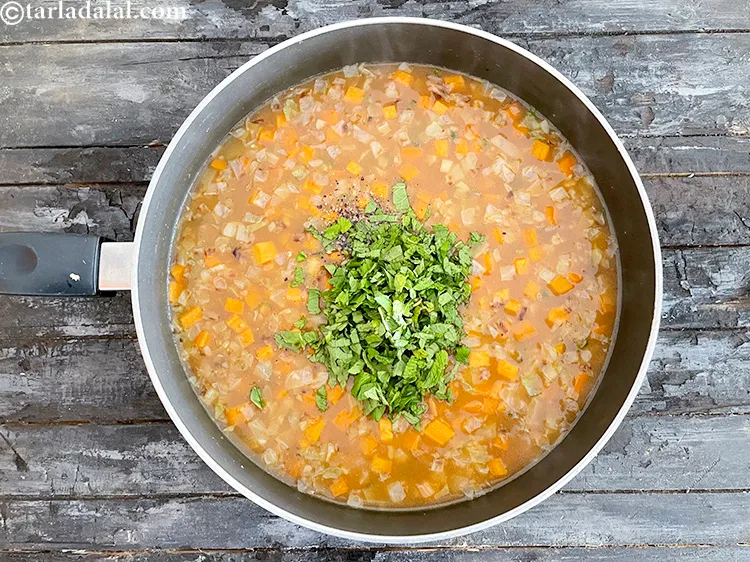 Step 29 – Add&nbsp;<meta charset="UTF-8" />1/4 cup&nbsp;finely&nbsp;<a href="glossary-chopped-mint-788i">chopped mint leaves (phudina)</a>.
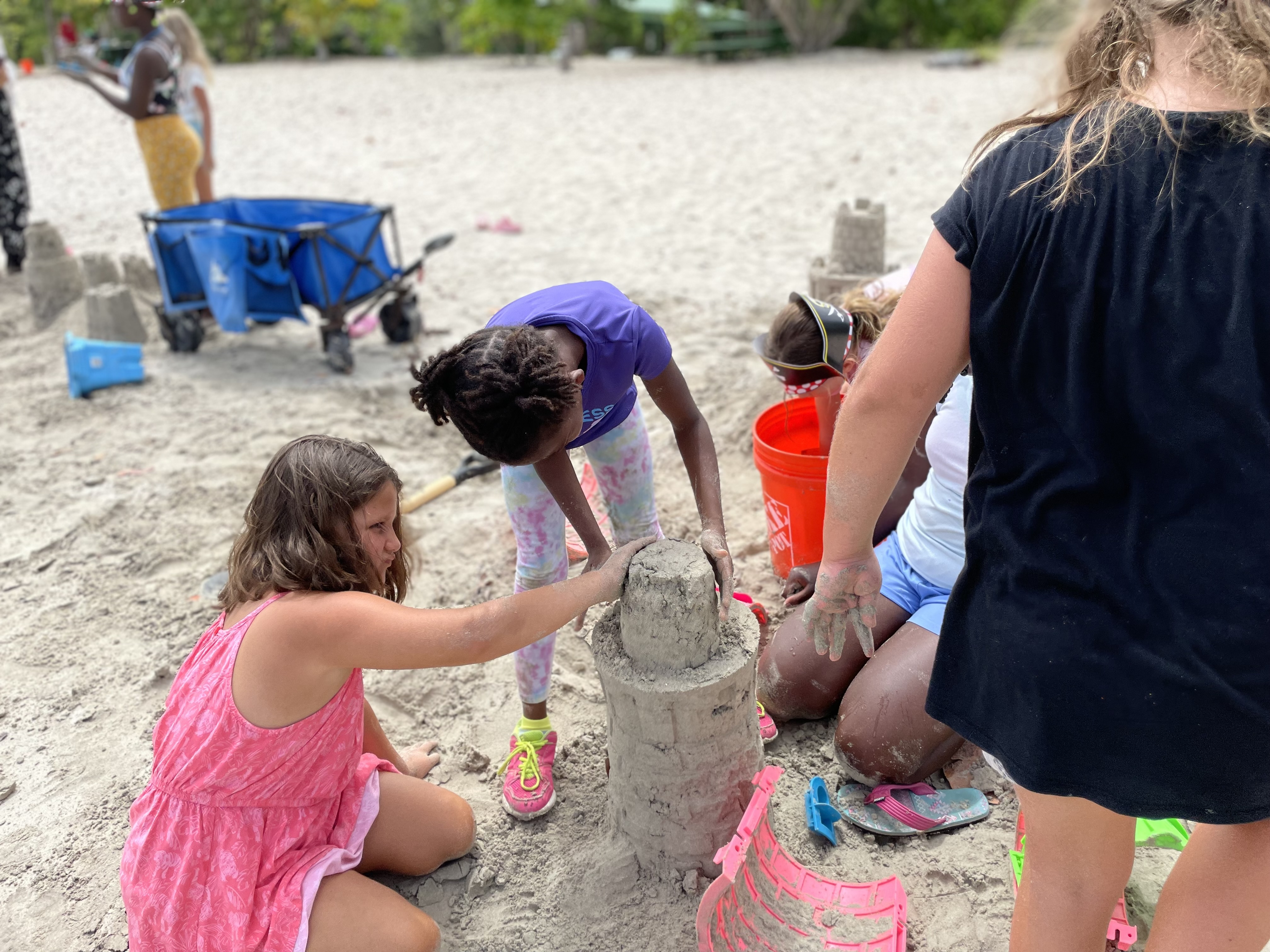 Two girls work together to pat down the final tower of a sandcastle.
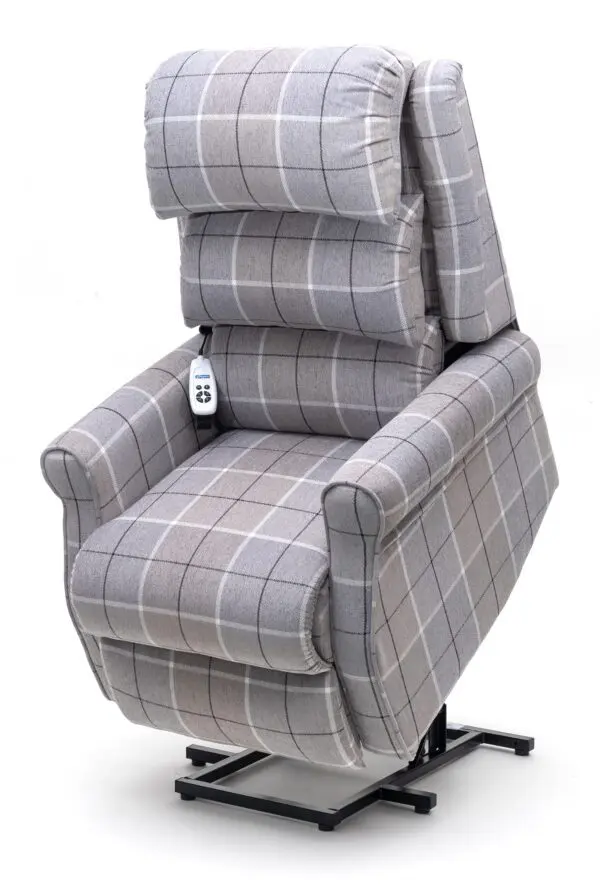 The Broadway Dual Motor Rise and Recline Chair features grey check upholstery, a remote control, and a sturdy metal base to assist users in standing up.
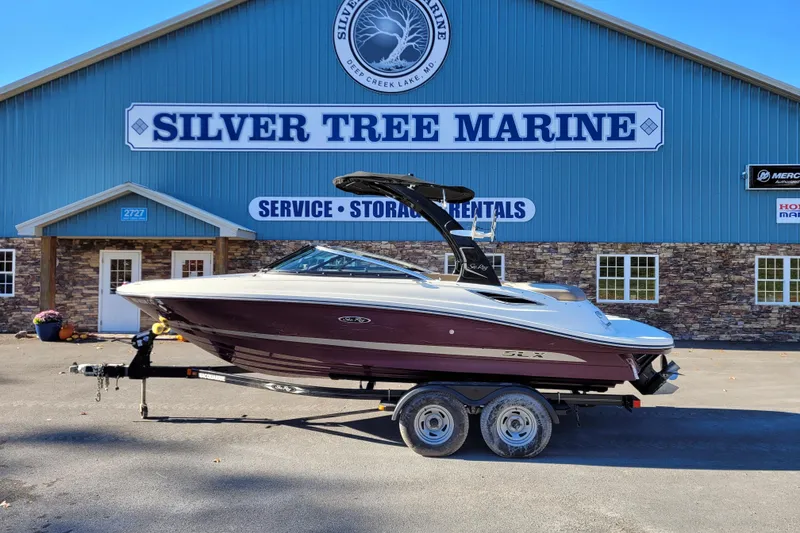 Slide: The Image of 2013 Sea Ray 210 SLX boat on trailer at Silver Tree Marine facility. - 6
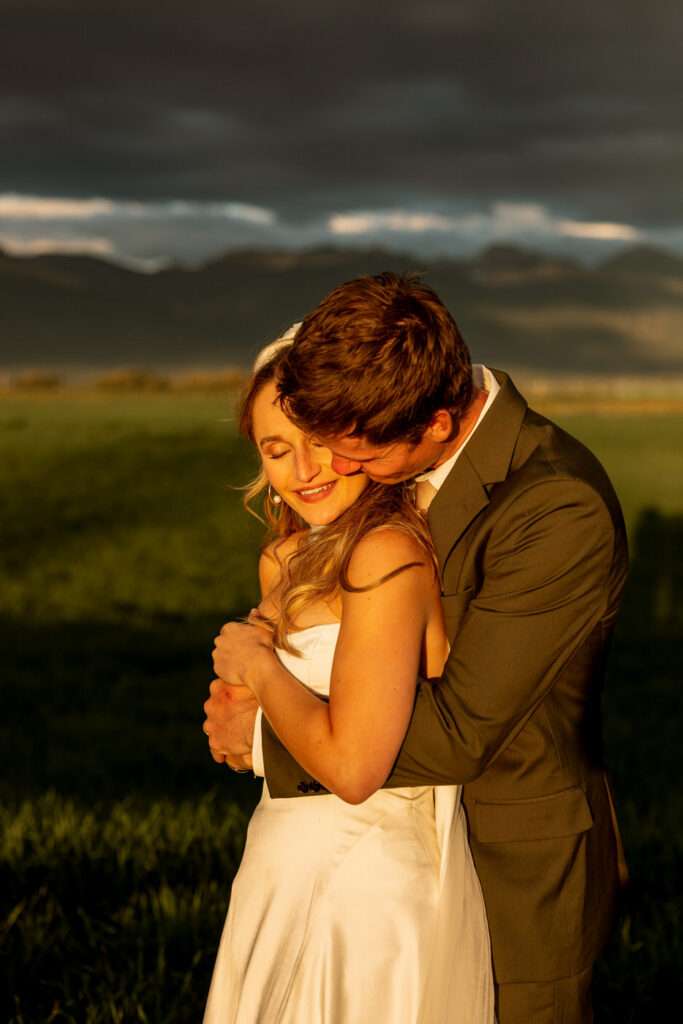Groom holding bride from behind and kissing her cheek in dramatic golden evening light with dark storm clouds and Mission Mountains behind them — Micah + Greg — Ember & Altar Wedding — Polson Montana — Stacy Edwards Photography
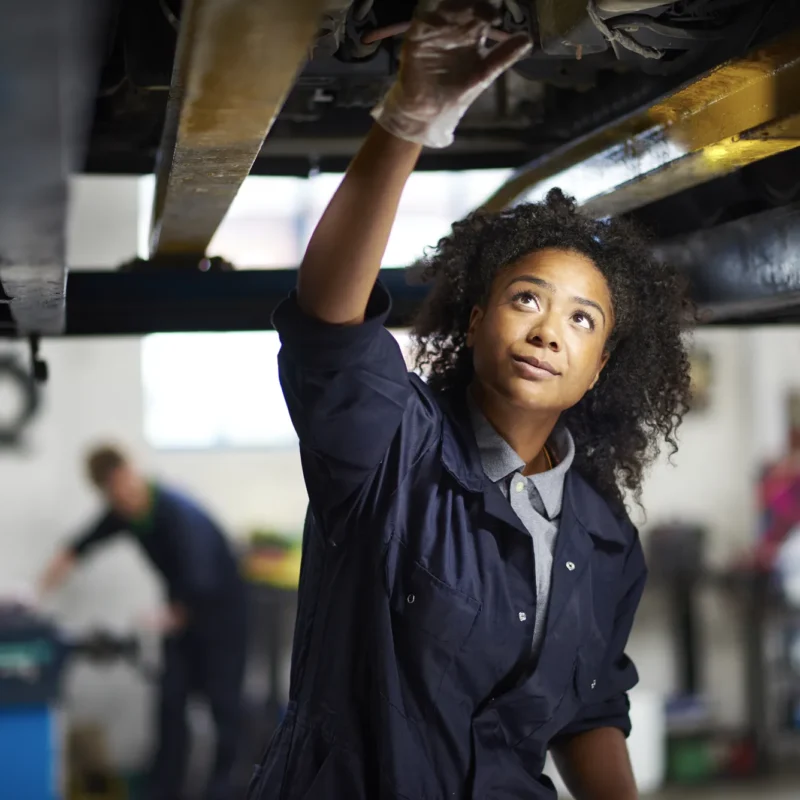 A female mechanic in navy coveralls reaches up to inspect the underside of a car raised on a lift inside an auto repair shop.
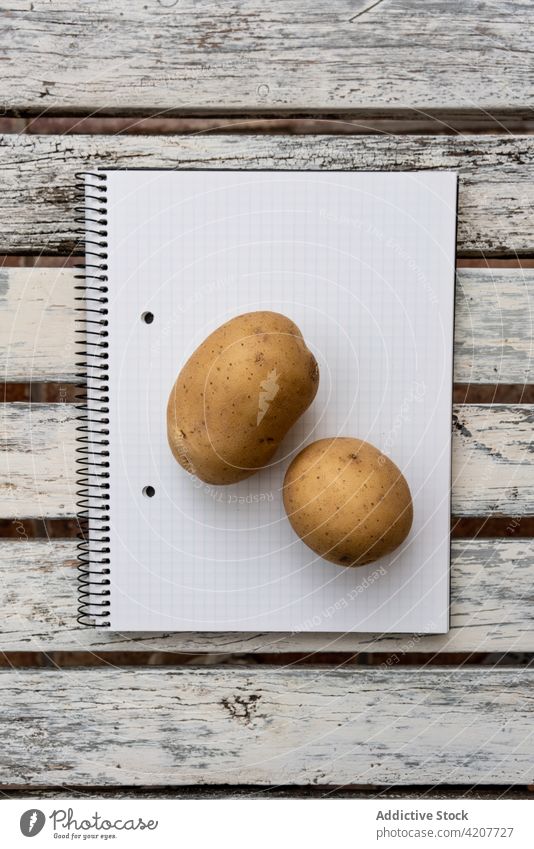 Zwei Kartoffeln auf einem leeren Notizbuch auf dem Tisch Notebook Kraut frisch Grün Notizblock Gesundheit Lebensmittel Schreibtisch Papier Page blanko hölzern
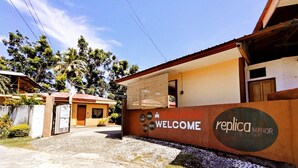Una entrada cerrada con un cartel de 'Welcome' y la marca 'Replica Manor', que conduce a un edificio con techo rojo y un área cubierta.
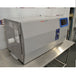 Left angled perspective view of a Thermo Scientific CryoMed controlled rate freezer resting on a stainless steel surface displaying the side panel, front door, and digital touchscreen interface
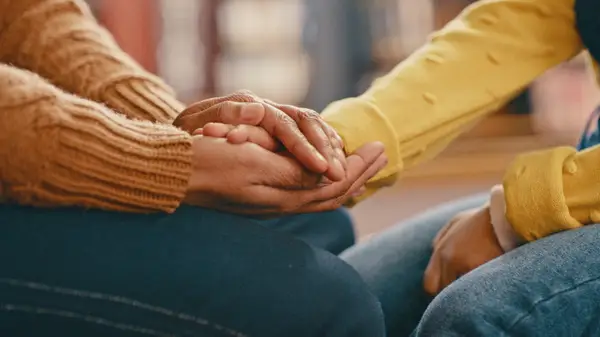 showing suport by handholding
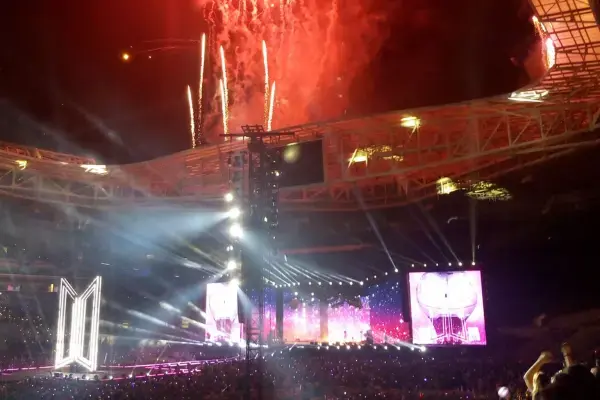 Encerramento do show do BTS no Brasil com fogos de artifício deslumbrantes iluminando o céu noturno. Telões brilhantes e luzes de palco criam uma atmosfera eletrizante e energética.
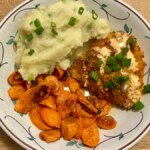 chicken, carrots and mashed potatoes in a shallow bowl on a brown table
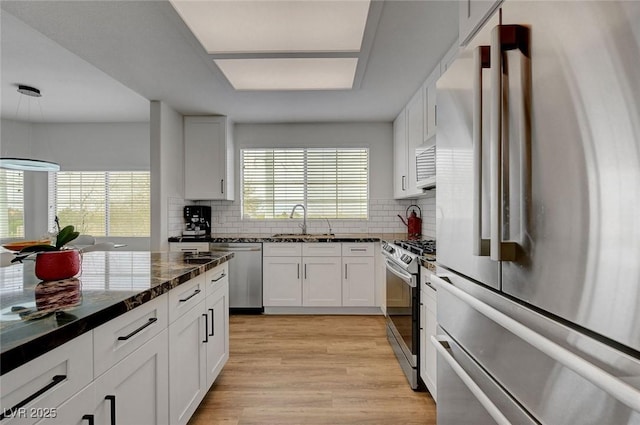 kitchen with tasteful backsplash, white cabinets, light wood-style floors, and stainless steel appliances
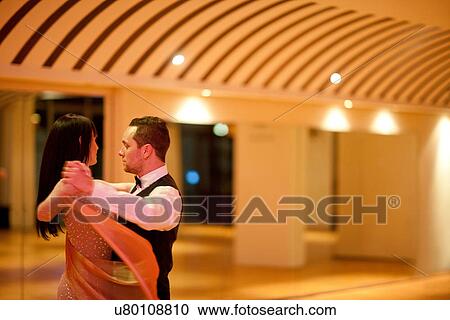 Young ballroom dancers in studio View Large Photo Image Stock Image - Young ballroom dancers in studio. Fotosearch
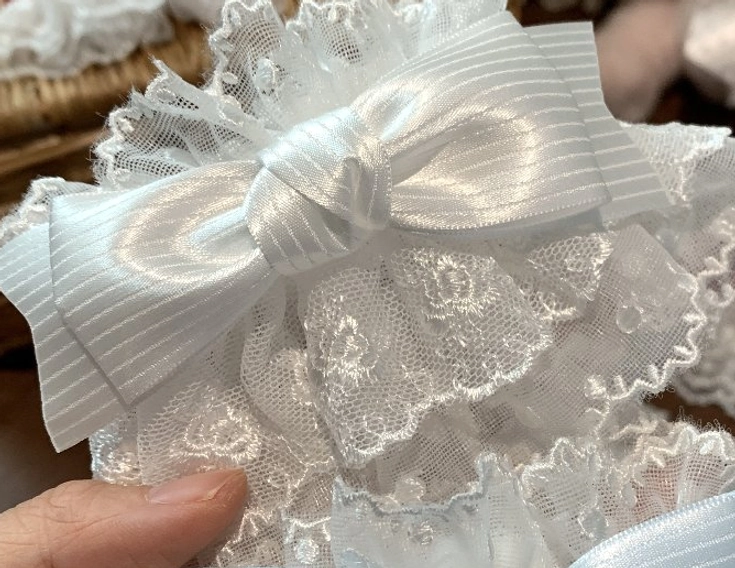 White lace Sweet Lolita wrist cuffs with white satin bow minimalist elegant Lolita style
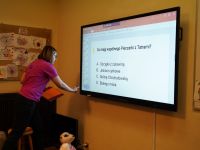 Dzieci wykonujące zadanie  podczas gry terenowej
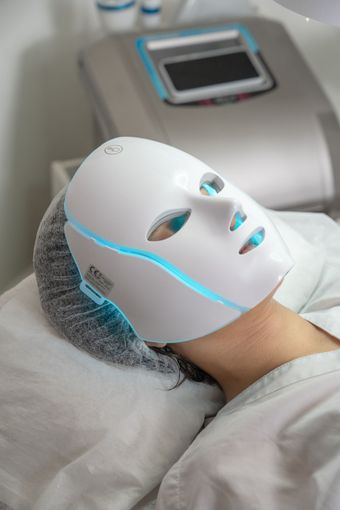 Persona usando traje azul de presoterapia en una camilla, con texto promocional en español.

* * *

- [ACTION ITEM]: Reproduce only the lines from the first line of the listing above up to and including the line that holds "Two girls work". Omit the pictures.

- [RESPONSE]:
 Step 29 – Add&nbsp;<meta charset="UTF-8" />1/4 cup&nbsp;finely&nbsp;<a href="glossary-chopped-mint-788i">chopped mint leaves (phudina)</a>.
 Two girls work together to pat down the final tower of a sandcastle.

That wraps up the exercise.